*TASK TO COMPLETE:* Retype each line of the listing below, from the first through the one holding "Soft 15-Inch Plush", with no other lines.

*TASK INPUT:*
§ §

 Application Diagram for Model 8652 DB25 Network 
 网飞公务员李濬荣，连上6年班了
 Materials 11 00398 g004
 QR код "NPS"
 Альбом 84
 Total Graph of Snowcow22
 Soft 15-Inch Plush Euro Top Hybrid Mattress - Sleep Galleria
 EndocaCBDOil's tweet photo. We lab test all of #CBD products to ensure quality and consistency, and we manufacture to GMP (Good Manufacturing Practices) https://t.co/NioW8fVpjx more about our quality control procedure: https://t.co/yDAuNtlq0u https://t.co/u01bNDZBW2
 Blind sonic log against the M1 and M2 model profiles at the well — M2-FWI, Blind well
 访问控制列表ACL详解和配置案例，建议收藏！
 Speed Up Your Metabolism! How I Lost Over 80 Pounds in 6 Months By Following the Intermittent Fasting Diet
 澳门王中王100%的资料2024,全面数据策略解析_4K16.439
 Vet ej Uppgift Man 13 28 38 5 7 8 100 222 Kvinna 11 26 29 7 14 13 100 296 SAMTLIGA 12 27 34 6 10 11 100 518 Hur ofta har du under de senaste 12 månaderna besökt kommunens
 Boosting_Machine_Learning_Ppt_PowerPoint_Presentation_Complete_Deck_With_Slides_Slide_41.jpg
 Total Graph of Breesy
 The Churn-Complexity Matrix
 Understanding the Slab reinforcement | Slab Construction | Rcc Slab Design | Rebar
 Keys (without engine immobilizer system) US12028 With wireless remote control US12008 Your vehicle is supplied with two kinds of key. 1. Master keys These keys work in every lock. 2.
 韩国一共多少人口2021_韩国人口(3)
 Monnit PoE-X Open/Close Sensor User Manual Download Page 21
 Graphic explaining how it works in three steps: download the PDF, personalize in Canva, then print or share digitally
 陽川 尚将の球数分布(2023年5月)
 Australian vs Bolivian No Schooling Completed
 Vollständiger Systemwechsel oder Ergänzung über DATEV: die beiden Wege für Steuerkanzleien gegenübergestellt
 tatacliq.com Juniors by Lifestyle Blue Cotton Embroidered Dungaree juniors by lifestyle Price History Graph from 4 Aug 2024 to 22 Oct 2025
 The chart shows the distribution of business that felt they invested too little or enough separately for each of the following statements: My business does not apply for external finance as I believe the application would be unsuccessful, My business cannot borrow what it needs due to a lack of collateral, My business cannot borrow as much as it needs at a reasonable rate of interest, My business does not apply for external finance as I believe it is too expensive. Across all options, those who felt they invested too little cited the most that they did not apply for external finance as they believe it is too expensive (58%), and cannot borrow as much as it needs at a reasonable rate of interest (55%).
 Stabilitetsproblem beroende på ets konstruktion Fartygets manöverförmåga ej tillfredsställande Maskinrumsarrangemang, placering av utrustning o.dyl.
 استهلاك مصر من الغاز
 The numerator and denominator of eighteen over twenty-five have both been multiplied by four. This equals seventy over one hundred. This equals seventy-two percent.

§ §

*RESPONSE:*
 Application Diagram for Model 8652 DB25 Network 
 网飞公务员李濬荣，连上6年班了
 Materials 11 00398 g004
 QR код "NPS"
 Альбом 84
 Total Graph of Snowcow22
 Soft 15-Inch Plush Euro Top Hybrid Mattress - Sleep Galleria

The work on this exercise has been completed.